Kennelijk onredelijk ontslag, kantonrechtersformule van toepassing?
17:25 uur Roelien Huges | ReagerenAls een werkgever de arbeidsovereenkomst met een werknemer wenst te beëindigen, kan hij daarvoor twee wegen bewandelen. Ofwel de werkgever verzoekt de kantonrechter de arbeidsovereenkomst te ontbinden, ofwel hij vraagt het UWV Werkbedrijf (“UWV”) toestemming om het dienstverband te mogen opzeggen. Als de kantonrechter de arbeidsovereenkomst ontbindt kan daarbij een vergoeding naar billijkheid aan de werknemer worden toegekend. Voor de berekening van die vergoeding wordt de zogenaamde kantonrechtersformule gehanteerd.
Als het UWV toestemming verleent aan de werkgever om het dienstverband op te mogen zeggen, dan bepaalt het UWV de termijn waartegen opgezegd kan worden, maar kent daarbij geen vergoeding toe. De werknemer zal daarvoor een kennelijke onredelijke moeten starten, in welke procedure hij bijvoorbeeld zal moeten aantonen dat de gevolgen van de beëindiging voor hem zo ernstig zijn dat het niet treffen van een voorziening kennelijk onredelijk is. Als de kantonrechter van oordeel is dat het ontslag kennelijk onredelijk is dan zal hij een schadevergoeding toekennen. Hoe wordt deze schadevergoeding berekend?
In oktober 2008 heeft het Hof in Den Haag een eigen formule geïntroduceerd voor de berekening van de schadevergoeding aan werknemers in geval van kennelijk redelijk ontslag. Hierbij is de kantonrechtersformule als uitgangspunt genomen. De Haagse formule houdt in dat de opzegging kennelijk onredelijk is als niet tenminste een vergoeding is aangeboden aan de hand van de kantonrechtersformule verminderd met 30% (dit percentage lijkt verband te houden met de in acht genomen opzegtermijn als de arbeidsovereenkomst wordt opgezegd).

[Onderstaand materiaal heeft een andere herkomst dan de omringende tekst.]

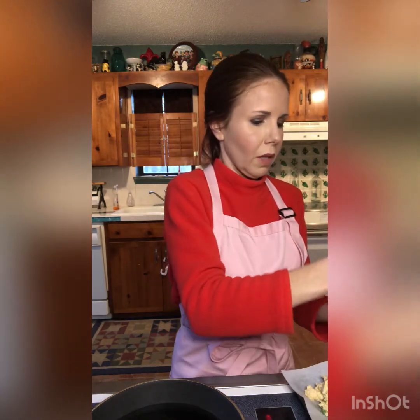You really do have to cook these in a skillet — you cannot do them in the air fryer. You can reheat them in the air fryer and they'll crisp right back up, but you actually need to fry them. In the oven they just don't really work.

De andere vier Hoven hebben deze Haagse formule niet gevolgd. Zij introduceerden in de zomer van 2009 een zogenaamde X x Y x Z formule om de hoogte van de schadevergoeding in een kennelijk onredelijk ontslagprocedure vast te stellen. Daarbij staat X voor het aantal gewogen dienstjaren, Y voor het laatstverdiende bruto maandsalaris en Z voor de correctiefactor, waarbij als uitgangspunt geldt dat Z niet hoger is dan 0,5.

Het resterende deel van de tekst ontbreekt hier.